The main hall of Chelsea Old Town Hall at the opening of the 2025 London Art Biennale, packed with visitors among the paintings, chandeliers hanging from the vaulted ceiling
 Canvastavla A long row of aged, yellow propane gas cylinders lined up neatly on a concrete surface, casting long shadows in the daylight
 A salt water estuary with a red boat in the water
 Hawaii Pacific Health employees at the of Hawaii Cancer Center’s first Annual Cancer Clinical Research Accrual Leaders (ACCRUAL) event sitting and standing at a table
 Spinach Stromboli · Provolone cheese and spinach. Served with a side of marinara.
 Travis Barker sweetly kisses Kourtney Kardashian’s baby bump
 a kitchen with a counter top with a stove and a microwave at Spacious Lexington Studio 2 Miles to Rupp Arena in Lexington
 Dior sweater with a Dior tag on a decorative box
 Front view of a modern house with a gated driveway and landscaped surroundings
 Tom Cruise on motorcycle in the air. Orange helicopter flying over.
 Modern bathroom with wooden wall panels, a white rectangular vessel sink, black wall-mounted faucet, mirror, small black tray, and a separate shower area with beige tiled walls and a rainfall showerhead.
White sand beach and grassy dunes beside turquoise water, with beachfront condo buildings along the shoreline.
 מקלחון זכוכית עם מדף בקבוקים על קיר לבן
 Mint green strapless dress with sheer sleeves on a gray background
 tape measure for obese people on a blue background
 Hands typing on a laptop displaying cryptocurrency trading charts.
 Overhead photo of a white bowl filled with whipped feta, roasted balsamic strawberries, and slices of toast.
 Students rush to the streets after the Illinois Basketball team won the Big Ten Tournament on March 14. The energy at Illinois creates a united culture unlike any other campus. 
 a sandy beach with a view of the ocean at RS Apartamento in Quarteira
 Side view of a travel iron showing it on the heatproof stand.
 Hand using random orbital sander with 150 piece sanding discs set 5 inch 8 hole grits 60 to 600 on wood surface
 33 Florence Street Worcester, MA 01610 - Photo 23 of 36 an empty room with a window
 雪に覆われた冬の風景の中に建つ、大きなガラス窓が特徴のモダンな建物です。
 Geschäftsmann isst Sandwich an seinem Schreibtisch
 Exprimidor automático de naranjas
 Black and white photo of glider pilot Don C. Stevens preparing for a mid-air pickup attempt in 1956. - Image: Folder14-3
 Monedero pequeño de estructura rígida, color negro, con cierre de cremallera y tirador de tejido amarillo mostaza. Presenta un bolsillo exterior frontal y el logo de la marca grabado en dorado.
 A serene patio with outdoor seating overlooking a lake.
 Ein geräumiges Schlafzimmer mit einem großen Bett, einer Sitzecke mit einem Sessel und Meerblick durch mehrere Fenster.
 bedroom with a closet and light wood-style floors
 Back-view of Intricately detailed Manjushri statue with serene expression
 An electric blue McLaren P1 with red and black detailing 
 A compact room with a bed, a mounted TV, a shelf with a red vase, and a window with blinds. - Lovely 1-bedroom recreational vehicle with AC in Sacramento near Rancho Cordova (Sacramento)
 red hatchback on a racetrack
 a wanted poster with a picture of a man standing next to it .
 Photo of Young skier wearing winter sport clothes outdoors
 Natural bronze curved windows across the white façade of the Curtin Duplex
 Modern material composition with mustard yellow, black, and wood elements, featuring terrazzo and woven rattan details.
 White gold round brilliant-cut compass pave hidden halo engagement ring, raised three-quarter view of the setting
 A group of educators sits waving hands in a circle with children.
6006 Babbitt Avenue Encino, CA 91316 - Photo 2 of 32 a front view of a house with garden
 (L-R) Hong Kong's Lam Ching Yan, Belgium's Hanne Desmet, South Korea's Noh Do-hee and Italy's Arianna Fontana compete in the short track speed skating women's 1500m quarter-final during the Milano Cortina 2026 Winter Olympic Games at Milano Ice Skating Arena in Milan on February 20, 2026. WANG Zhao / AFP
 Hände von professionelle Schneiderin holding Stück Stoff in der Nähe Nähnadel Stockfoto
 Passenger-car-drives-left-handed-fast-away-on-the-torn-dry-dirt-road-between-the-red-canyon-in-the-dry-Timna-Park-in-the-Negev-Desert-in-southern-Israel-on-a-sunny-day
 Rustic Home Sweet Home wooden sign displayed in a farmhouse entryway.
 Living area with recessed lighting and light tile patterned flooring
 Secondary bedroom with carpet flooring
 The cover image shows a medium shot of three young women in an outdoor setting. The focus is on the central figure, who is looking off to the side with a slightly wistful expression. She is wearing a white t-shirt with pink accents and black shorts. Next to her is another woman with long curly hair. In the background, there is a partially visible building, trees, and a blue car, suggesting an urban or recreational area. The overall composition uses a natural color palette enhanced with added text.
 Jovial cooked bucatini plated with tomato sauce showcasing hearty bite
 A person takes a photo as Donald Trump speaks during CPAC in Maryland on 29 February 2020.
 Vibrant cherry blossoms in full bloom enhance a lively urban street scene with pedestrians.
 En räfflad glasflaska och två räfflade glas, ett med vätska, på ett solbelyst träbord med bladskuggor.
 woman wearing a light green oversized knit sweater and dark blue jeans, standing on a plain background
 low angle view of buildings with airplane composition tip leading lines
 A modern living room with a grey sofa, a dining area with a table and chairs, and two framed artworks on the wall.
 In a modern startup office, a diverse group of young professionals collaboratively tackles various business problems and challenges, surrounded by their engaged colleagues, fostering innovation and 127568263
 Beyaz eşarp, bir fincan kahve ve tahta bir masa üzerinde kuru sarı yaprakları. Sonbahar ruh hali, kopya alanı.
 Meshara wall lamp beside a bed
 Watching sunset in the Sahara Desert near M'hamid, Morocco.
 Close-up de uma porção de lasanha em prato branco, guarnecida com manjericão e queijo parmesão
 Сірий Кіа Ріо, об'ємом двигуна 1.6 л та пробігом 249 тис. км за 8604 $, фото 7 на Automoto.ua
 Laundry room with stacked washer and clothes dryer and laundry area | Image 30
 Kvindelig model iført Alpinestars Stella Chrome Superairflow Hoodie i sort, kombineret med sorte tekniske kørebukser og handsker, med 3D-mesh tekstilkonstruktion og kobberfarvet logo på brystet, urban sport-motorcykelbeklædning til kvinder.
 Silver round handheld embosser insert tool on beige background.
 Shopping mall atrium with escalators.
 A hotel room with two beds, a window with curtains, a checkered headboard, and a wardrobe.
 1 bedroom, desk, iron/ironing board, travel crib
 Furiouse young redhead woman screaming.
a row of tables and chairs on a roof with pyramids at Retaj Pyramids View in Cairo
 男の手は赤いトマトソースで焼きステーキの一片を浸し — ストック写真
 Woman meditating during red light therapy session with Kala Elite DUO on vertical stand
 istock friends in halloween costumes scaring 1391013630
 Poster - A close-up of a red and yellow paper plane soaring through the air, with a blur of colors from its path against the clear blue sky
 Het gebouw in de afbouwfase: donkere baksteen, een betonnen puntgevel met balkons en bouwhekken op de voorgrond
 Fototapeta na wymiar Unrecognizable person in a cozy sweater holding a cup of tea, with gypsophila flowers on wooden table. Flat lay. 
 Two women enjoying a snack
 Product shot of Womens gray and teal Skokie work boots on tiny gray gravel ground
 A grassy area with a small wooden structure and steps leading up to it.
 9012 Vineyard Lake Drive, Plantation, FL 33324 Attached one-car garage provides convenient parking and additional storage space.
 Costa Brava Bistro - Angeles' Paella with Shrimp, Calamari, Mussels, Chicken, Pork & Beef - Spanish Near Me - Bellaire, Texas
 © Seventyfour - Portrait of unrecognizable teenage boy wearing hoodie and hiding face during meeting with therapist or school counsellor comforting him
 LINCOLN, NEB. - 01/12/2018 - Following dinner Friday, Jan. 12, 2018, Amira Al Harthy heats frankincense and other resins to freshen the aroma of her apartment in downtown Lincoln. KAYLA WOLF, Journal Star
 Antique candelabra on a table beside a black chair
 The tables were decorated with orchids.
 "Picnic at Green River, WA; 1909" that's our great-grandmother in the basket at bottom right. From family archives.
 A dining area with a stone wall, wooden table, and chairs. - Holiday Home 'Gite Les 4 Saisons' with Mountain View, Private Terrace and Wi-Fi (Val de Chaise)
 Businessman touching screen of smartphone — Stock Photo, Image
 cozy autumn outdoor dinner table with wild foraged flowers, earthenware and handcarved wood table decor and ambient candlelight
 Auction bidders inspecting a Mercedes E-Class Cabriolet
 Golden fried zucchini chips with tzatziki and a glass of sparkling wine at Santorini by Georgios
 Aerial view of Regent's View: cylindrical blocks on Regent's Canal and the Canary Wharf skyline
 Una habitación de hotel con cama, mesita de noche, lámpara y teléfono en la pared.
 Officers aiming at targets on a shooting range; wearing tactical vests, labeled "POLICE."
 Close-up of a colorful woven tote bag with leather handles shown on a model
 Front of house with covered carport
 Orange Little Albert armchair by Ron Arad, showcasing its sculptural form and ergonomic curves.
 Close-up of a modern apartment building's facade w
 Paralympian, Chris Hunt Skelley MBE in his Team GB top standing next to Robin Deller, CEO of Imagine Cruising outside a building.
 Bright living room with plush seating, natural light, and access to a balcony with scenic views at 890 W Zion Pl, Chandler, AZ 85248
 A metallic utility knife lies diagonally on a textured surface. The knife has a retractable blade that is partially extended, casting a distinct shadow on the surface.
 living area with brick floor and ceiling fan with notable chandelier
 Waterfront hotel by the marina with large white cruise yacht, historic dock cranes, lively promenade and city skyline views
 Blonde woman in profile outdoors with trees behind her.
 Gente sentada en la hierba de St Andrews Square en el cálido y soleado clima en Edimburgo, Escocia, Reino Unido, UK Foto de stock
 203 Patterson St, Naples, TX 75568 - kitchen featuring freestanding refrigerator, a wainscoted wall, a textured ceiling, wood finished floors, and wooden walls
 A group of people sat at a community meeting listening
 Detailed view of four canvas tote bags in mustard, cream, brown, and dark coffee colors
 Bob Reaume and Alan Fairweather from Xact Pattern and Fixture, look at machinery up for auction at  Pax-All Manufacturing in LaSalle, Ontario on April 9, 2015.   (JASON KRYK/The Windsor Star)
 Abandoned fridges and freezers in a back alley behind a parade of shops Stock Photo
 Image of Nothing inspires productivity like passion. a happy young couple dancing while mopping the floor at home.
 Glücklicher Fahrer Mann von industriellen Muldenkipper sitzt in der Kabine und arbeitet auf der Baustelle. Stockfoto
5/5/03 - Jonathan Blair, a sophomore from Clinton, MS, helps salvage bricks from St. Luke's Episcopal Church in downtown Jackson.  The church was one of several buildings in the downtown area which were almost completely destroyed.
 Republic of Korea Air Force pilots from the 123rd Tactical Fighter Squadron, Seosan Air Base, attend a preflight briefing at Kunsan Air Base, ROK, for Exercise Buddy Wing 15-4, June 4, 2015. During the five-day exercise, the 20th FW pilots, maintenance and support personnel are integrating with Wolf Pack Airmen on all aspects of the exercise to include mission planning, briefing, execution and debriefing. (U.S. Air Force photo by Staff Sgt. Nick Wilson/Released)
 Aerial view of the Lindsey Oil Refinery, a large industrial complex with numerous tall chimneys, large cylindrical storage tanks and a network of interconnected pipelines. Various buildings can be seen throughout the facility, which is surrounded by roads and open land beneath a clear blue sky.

What the exercise asks
What are the lines, exactly as written above, from the line with "A modern living" to the line with "In a modern", both included? Output only those.

Task response
 A modern living room with a grey sofa, a dining area with a table and chairs, and two framed artworks on the wall.
 In a modern startup office, a diverse group of young professionals collaboratively tackles various business problems and challenges, surrounded by their engaged colleagues, fostering innovation and 127568263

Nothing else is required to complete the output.